The city’s top lawyer planned to send a cease-and-desist letter to the Internet site’s operator demanding the site stop displaying the Fire Department logo, said Jennifer Hoyle, city Law Department spokeswoman. Also Thursday, in what officials say was apparently a “copy cat” incident, someone twice broadcast a racial slur over radio frequencies used by the Cook County sheriff’s department.
The slur was uttered at 8:29 a.m. and again one minute later, apparently by the same person, sheriff’s department spokeswoman Sally Daly said.
“It included the use of the `n-word,'” Daly said, declining to elaborate.
Sheriff Michael Sheahan will fire the person if he is a sheriff’s employee, Daly said.
The firefighter who inadvertently made the first racist transmission over an open microphone in a department vehicle Feb. 2 received a 90-day suspension. When more incidents occurred after the firefighter’s punishment, Joyce declared the use of racial slurs a fireable offense.
Those responsible “definitely” should be fired, Mayor Richard Daley said Thursday.
Daley said he had not seen the firefighters’ Web site but suggested there is no way to control it.
“That’s the problem of the 1st Amendment–not only that, but all types of Web sites we see today, talk programs,” the mayor said. “What are you going to do about it? It’s a complicated issue. But it is unacceptable.”
Ordinances prohibit the use of the city’s seal and the symbols of the Police and Fire Departments except for official business, Hoyle said.
“We just want to make sure this is not seen as an official site,” she said.
The Web site features an open message board where anyone can post anonymously under the department’s logo and the heading, “The unofficial bulletin board of the Chicago Fire Department.”
In one recent post, someone wrote an epithet for blacks 81 times before ending with: “Thanks!!!! Working tomorrow and just wanted to get it out of my system!!!!!!!”
Another post referred to fire stations in minority neighborhoods as “ghetto houses.”
And one participant in the forum hoped diversity training that would likely be mandated after the racist radio comments would include watching “The Barbershop,” a movie with an African-American cast set on the South Side.
Several posted messages suggested the Daley administration is using the spate of racist transmissions to deflect attention from the scandal in the city’s Hired Truck Program.

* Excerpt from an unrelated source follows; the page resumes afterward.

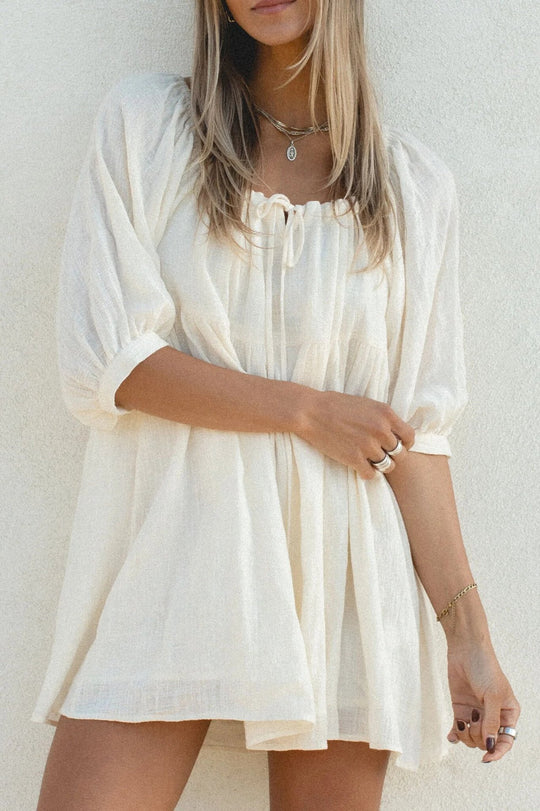 Damen luftiges Strandkleid mit raffiniertem Schnürdesign R&B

Others in the chat room, however, decried the racist statements as “childish and stupid” and criticized the participant who posted the how-to guide on avoiding detection on fire radios. “I will never bring disgrace to this job or department like whoever is talking on the radio,” wrote “phone call away,” who urged firefighters to turn in the perpetrators of the racist broadcasts.
Anderson said he saw no reason to delete the information about how to avert having a radio transmission traced, which someone with the screen name “In the know” posted to the message board late Tuesday.
“Why should I censor it?” said Anderson. “It’s a chat room. Do you have censorship in a newspaper?”
Anderson also noted a prominently displayed disclaimer that the bulletin board “is not responsible for the opinions or responses of persons that inhabit its pages.”
The site’s Internet address is registered to Michael Kappel, who has been a Chicago firefighter since 1990. Kappel said he cut all ties to it about a year ago because he was uncomfortable with the personal attacks that often surfaced on the message board.
“I had nothing but good intentions,” he said. “A few malicious people ran amok.”